Lost in the haze between fact and fiction

Casey Affleck and Joaquin Phoenix's mock documentary, "I'm Still Here," now revealed to be an utter fake, is just the latest example of a tsunami of entertainment that is not at all what it seems.

In fact, when you watch movies or TV today, it's hard to decide whether what you're seeing is real, fake or somewhere in the dramatic netherworld in between.

TV is overrun with reality shows, which might be the least accurate genre moniker of all time, since virtually all such shows are shaped, scripted and full of story lines that are just as convoluted (and often just as preposterous) as any soap opera or telenovela.

At the multiplexes this weekend, "I'm Still Here" was joined by "Catfish," a fascinatingly ambiguous documentary by Henry Joost and Ariel Schulman. It's about a wide-eyed young New York photographer — actually one of the director's brothers — who engages in an online romance with a mysterious young woman who turns out to be entirely different from whom she appears to be.

If you spend time on YouTube, you can dip into a nonstop debate over the veracity of found objects there. Remember lonelygirl15, who was supposedly a real video blogger whose family had been involved with secret occult practices, prompting a storm of fan obsession and media fascination — until it was revealed that she was an actress, backed by CAA, performing scripted material for an online dramatic series?

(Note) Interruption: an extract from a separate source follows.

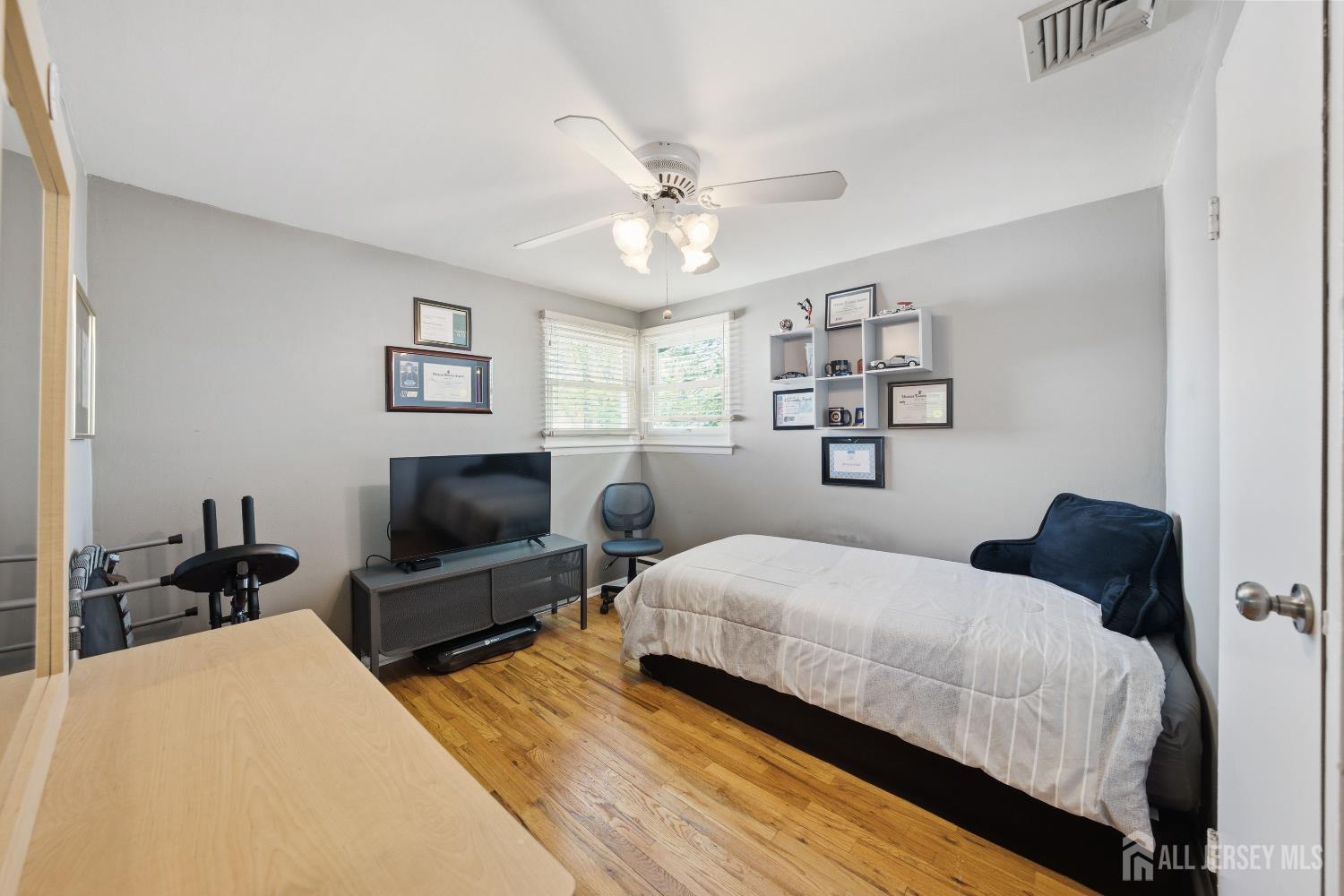 96 Drake Place Colonia, NJ 07067 - Photo 12 of 23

We've been "Punk'd" so many times that nothing is taken at face value anymore.

Our level of disbelief has so thoroughly colored our interaction with art that when "Catfish" was first shown at the Sundance Film Festival earlier this year, it immediately inspired a wave of skeptical catcalls. In the lead was Movieline's Kyle Buchanan, who put up a post debunking the film, saying, "I think the filmmakers knew from the start what they had on their hands, and they baited a mentally unwell woman for almost a year until their film needed a climax."

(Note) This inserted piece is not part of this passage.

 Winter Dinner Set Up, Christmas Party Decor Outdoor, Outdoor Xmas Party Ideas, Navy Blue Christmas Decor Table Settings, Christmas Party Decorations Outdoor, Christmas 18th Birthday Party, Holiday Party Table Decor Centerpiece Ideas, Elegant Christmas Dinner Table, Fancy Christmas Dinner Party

Even before Affleck admitted that "I'm Still Here" was a hoax, a number of critics were noisily distancing themselves from the film, which purported to show Phoenix, having given up acting for a career as a rapper, doing drugs, hiring hookers, berating his assistants and generally acting like a zonked-out loon. It turned out that critics, having studied actors for a living, were quick to question Phoenix's dramatic motivation.

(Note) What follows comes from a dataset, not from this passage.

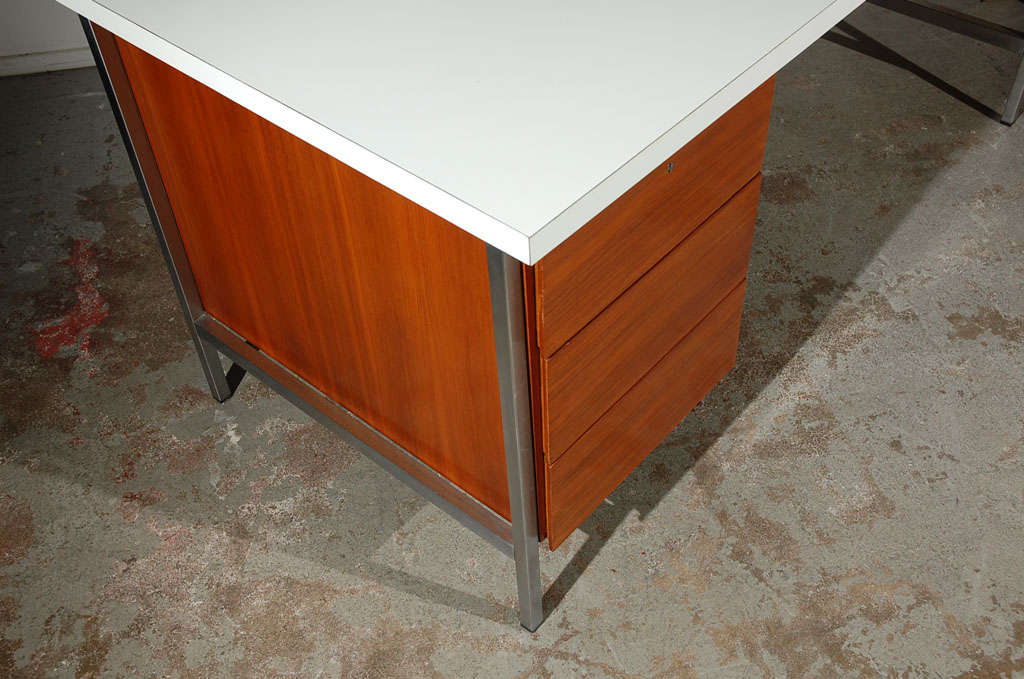 Desk by Florence Knoll 3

"Catfish" producer Andrew Jarecki, whose 2003 documentary, "Capturing the Friedmans," was nominated for an Oscar, insists that none of the events in "Catfish" was manufactured in any way. But he isn't surprised by the level of skepticism inspired by much of our new media, especially media involving online experiences.

"We're falling into a sketchier, more limited kind of communication than we've ever had before," he explains. "When a 25-year-old friends someone on Facebook, the word 'friend' means something very different, since you may well have friended someone that you've never even met."

He suspects that we've all become so adept at curating our own reality — putting forward the most positive versions of ourselves — that we question everyone else's purported reality. "People are quick to jump to conclusions about what is real and what isn't real because they're a little guilty, since they know that in their own lives, what they're putting up online isn't exactly true."

The key to our reactions seems to have a lot to do with whether we feel we're in on the joke. It was easy to laugh along with "Borat" because those of us in the audience weren't the rubes who were being scammed and made fun of by Sacha Baron Cohen, who repeatedly passed himself off not as an outrageous comic, but as someone making a documentary.

And at first we were fascinated by the saga of the Balloon Boy, when a Colorado couple claimed their son was aboard a helium balloon that was in the air for hours before landing near Denver International Airport. But fascination quickly turned to disgust when it was revealed that the boy had been hiding at home the entire time and, when questioned by Wolf Blitzer on "Larry King Live," he blurted out that the whole thing had been a stunt to spark interest in a reality TV show.

The parents actually served jail time for their role in the fraud. Filmmakers don't have to pay a debt to society for similar transgressions, though I suspect that Phoenix and Affleck will serve some limited sentences in movie jail for their inept attempt to delude moviegoers into believing that "I'm Still Here" was a genuine article. The film has been a spectacular dud at the box office, with a pathetic per-screen average of $953 per theater.

When it comes to entertainment, we in the media are sticklers for attributable facts. When a Hollywood biopic stretches the truth, we are the first to raise a ruckus. But in Hollywood, the truth is seen as being much more elastic, in part because film and TV writers create drama for a living, in part because people in showbiz tell so many white lies every day that the notion of a bigger truth often eludes them.

The lines between artifice and reality have become so hopelessly blurred that very few of us take offense at being manipulated. When it comes to entertainment, we've gotten into the habit of lying back and enjoying it.